Prior to the search, the Humane Society invited the News and a local television station to accompany the officers during the execution of the warrant. The newspaper accepted the invitation, the television station declined.

The search resulted in the seizure of nearly 40 cats, a dog, and a dozen ducklings, none of whom was sick or injured, Trott noted. Several articles concerning Brunette, authored by Dewar, later appeared in the News.

Brunette was charged with criminal animal neglect. The case was thrown out, however, after the Ventura Superior Court Appellate Department ruled that the Humane Society had no authority to execute a search warrant under the law in effect at the time.

Cause of Action

Brunette then sued the Humane Society, along with Dewar and the company that publishes the newspaper, on multiple theories, including violation of civil rights, conversion, trespass, and invasion of privacy. The Humane Society settled, but the case against the newspaper was dismissed by U.S. District Judge Dickran Tevrizian of the U.S. District Court for the Central District of California for failure to state a cause of action.

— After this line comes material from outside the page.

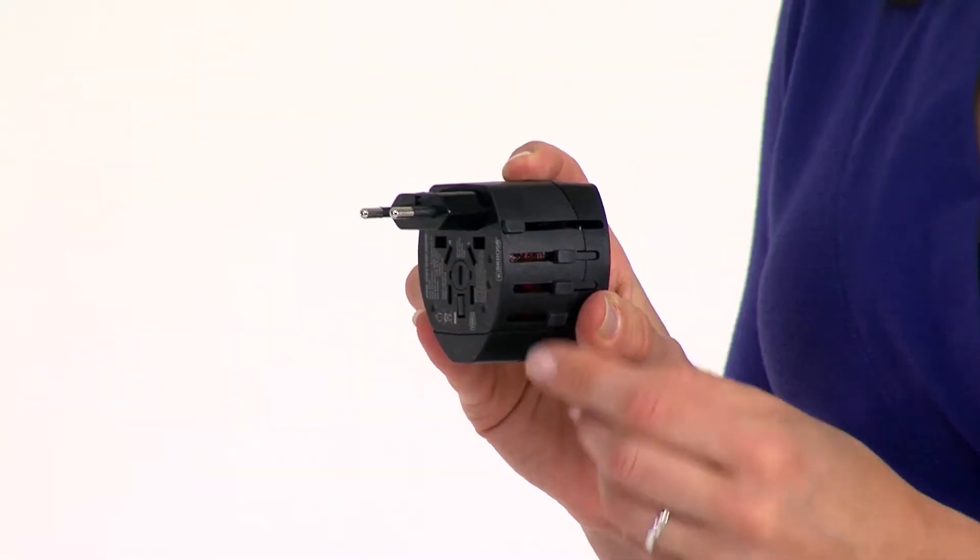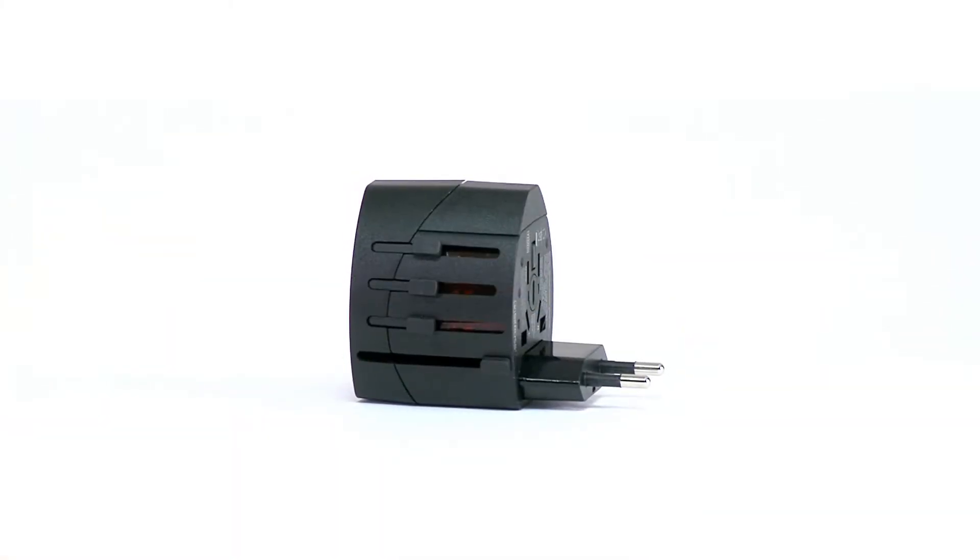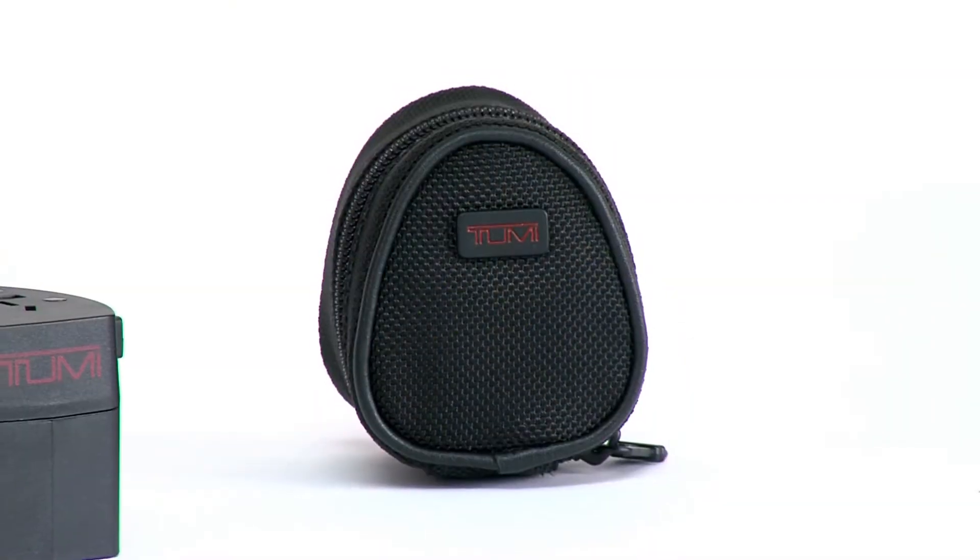Retract each plug by pressing the button again and returning the slider to its starting position. Included with the adapter is a list of its compatible countries, as well as a photo of the corresponding plug configuration. Two spare fuses offer protection from power irregularities, and the ballistic nylon case keeps the unit safe and secure.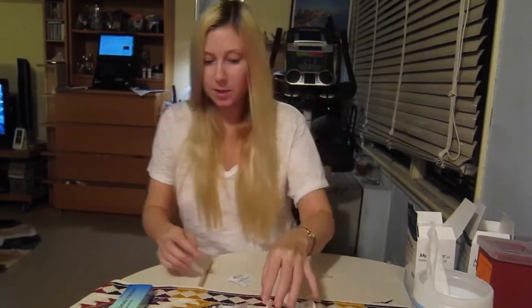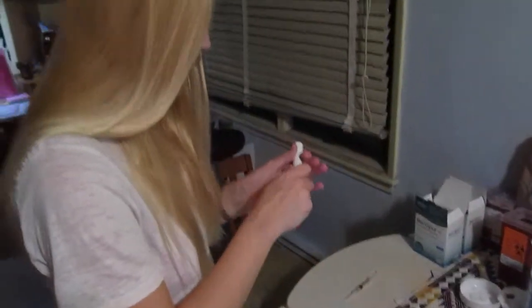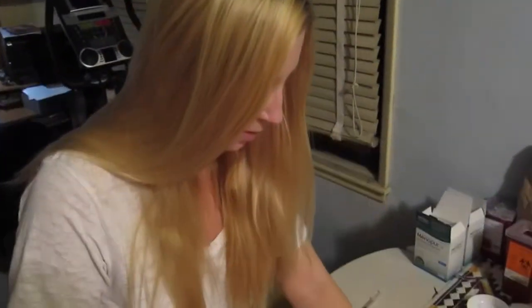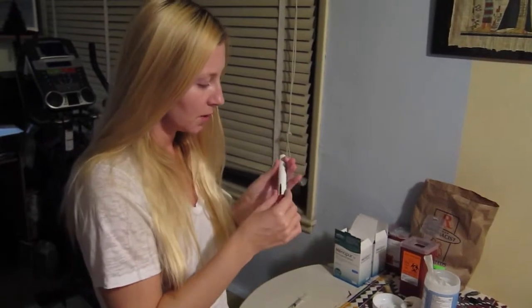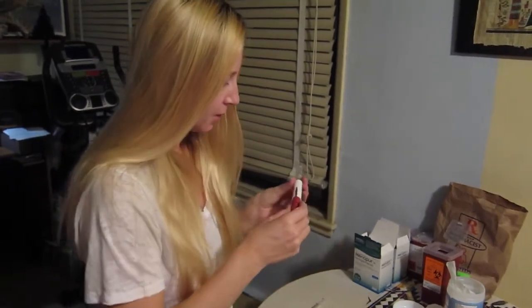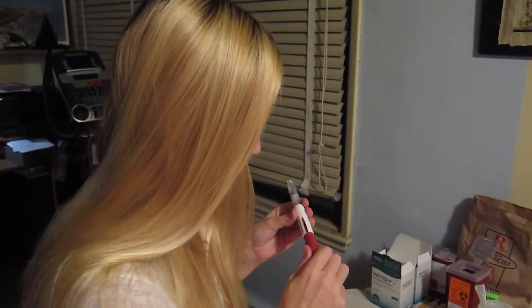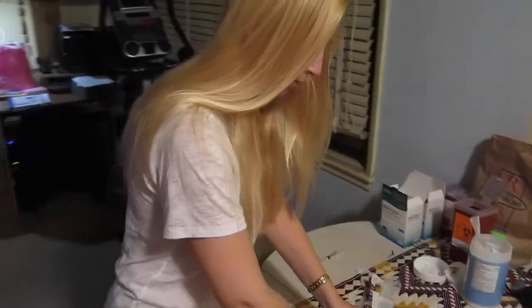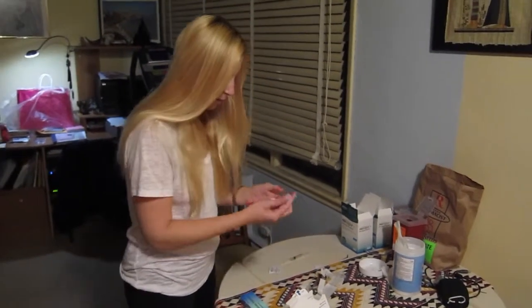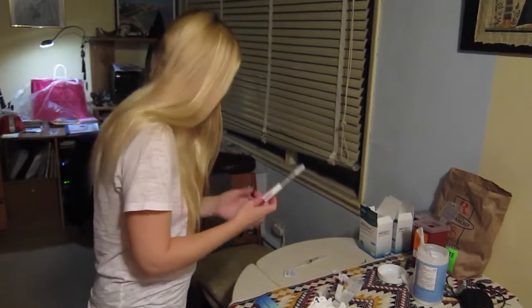The second shot I have to administer is Gonal-F, and it has to be kept in a fridge. It's a pen. I keep it in the fridge and I have to administer about 300 units. So I just rotate the pen dial and it will give me 300. When I reach 300 I adjust the needle, peel off the top, and screw it in. This one is ready.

The district judge was correct, Trott said. The media defendants, unlike the Humane Society offers, were not acting as agents of the state and cannot be held liable under Sec. 1983.

The media did not act jointly with the officers, Trott said, distinguishing Berger v. Hanlon, 129 F.3d 505 (9th Cir. 1997). The court in Berger held that the owners of property searched by agents of the Fish and Wildlife Service could sue Cable News Network for its “inextricable involvement...with both the planning and execution of” the search.

In this case, Trott explained, the media was not involved in planning the search, but merely accepted an invitation from the enforcing agency to be present.

No Planning

“Unlike CNN in Berger, the Media neither planned the raid nor participated in any pre-raid briefings. Nor did the Humane Society in this case disclose to the Media any confidential information like the USFWS disclosed to CNN in Berger,” the judge wrote. “Moreover, Dewar arrived at Brunette’s ranch independently in his own vehicle, after the Humane Society had cut the gate lock and begun to search.”

Trott further contrasted the Humane Society’s invitation to Dewar, who acted on his own and used his own equipment, with the CNN employees who were “outfitted with video cameras” and “surreptitiously miked for sound,” the judge explained.

Judges Sidney R. Thomas and Kim McLane Wardlaw joined in the opinion.

The appeal was argued by Henry H. Rossbacher of Rossbacher & Associates for the plaintiff and Kelli L. Sager of Davis Wright Tremaine LLP for the defendants.